The next stage is to build a so-called “visual vocabulary”, in which the objective is to vector quantize the descriptors into clusters which are analogous to “words” used for automatic text retrieval. A feature-length film typically has 100K-150K frames, so in order to reduce the complexity of an object retrieval search, a selection of keyframes may be used. This selection could be, for example, one keyframe per second of the film. Descriptors are computed for stable regions in each keyframe and mean values are computed using two frames either side of the keyframe. The vector quantization of the descriptor vectors may be carried out by means of several different methods known to a person skilled in the art, such as K-means clustering, K-medoids, histogram binning, etc. Then, when a new frame of a film is observed, each descriptor of the frame is assigned to the nearest cluster, and this immediately generates matches for all frames throughout the film.
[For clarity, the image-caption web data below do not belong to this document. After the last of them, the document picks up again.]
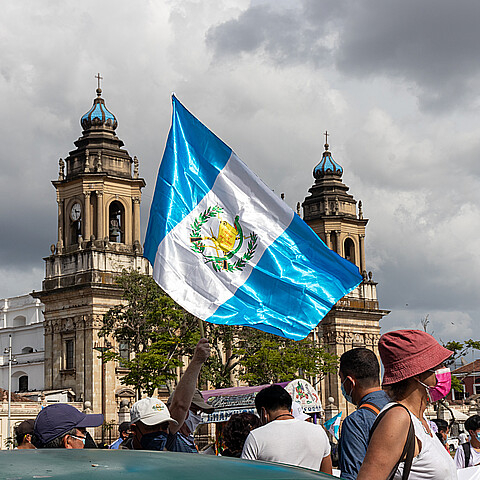 2021 Protest in support of anti-corruption prosecutor Juan Francisco Sandoval at Central Plaza 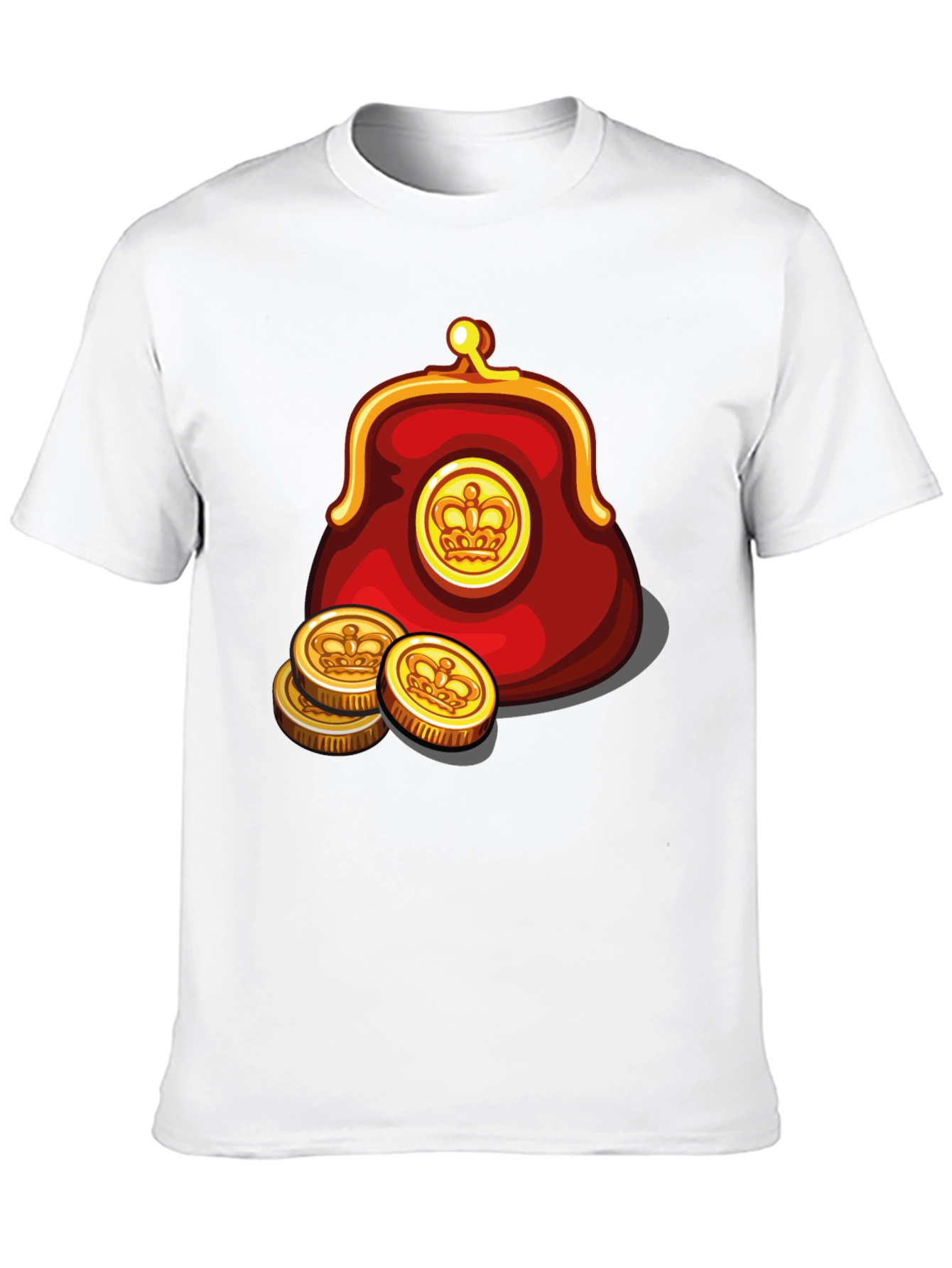 Funny Cartoon Coin Purse Black T-Shirt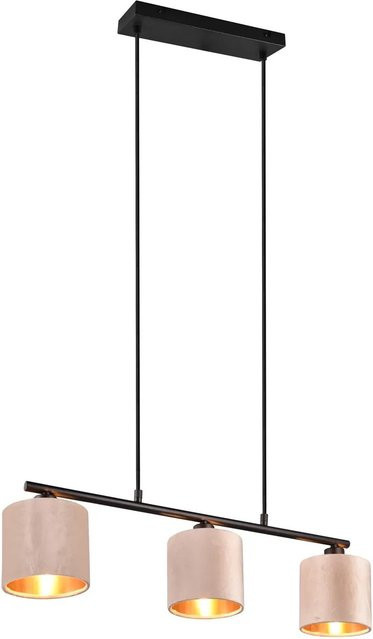 Trio Pendelleuchte Julieta 3-flammig in Beige und Gold, Durchmesser: 66 cm, Tiefe: 12 cm - Bild 1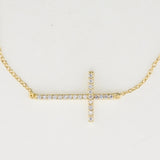 Large Glitz and Glamour CZ Cross Necklace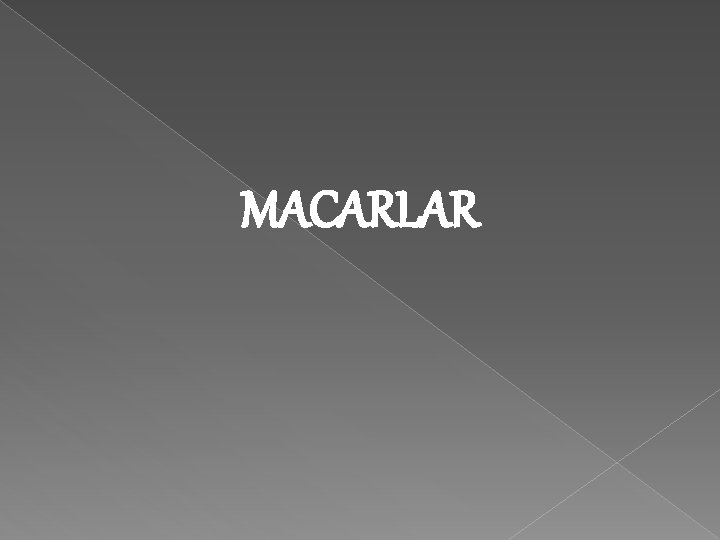 MACARLAR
In more detail, regions are tracked through contiguous frames, and a mean vector descriptor computed for each of the regions. In order to reject unstable regions, a predetermined percentage of tracks with the largest diagonal covariant matrix are rejected. To cluster all of the descriptors in a film would be a very large task, so a subset of shots or keyframes is selected. The distance function for clustering may be selected from a number of functions known to a person skilled in the art.
FIG. 1 of the drawings illustrates examples of regions belonging to particular clusters, i.e. which will be treated as the same visual word. FIG. 1a illustrates two examples of clusters of Shape Adapted regions and FIG. 1b illustrates two examples of Maximally Stable regions. The clustered regions reflect the properties of the descriptors which, in this case, penalise variations amongst regions less than correlation.
The reason that SA and MS regions are clustered separately is that they cover different and largely independent regions of a scene. Consequently, they may be thought of as different vocabularies for describing the same scene, and thus should have their own word sets, in the same way as one textual vocabulary might describe architectural features and another the state of repair of a building.
In a text retrieval process, each document is represented by a vector of word frequencies, as explained above. However, it is usual to apply a weighting to the components of this vector. A standard weighting for this purpose is known as ‘term frequency-inverse document frequency’, tf-idf and it is computed as follows. Consider the case of a vocabulary with k words, such that each document can be represented by a k-vector V_d=(t₁, . . . , t_i, . . . , t_k)^T, of weighted word frequencies with components: $t_{i} = \frac{n_{id}}{n_{d}} \log \frac{N}{n_{i}}$
where n_idis the number of occurrences of the word i in document d, n_dis the total number of words in the document d, n_iis the number of occurrences of the term i in the whole database and N is the number of documents in the whole database. The weighting is a product of two terms: the word frequency n_id/n_dand the inverse document frequency log N/n_i. The intuition is that word frequency weights words occurring often in a particular document, and thus describe it well, whilst the inverse document frequency down-weights words that appear often in the database. At the retrieval stage, documents or ‘hits’ are ranked by their normalised scalar product (cosine of angle) between a query vector V_qand all document vectors V_din the database.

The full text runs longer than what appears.